▶ **WHAT TO DO**:
From the line that includes "Kit Plastiche Racetech" down to the final line of the data below, copy every line exactly and leave the rest out.

(Data extracted from a collection)
::::
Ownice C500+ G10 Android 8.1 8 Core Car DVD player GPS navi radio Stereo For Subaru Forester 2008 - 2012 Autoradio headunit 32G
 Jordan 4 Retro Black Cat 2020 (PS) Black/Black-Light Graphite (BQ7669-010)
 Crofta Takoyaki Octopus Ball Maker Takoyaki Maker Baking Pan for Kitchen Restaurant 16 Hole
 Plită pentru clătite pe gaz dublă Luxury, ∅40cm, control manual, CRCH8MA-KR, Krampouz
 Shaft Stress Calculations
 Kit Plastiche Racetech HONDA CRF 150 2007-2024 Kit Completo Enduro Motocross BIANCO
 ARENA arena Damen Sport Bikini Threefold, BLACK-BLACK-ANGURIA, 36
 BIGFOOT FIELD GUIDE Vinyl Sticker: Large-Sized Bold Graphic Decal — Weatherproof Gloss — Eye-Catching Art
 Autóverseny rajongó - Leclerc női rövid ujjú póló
::::
▶ **TASK RESPONSE**:
 Kit Plastiche Racetech HONDA CRF 150 2007-2024 Kit Completo Enduro Motocross BIANCO
 ARENA arena Damen Sport Bikini Threefold, BLACK-BLACK-ANGURIA, 36
 BIGFOOT FIELD GUIDE Vinyl Sticker: Large-Sized Bold Graphic Decal — Weatherproof Gloss — Eye-Catching Art
 Autóverseny rajongó - Leclerc női rövid ujjú póló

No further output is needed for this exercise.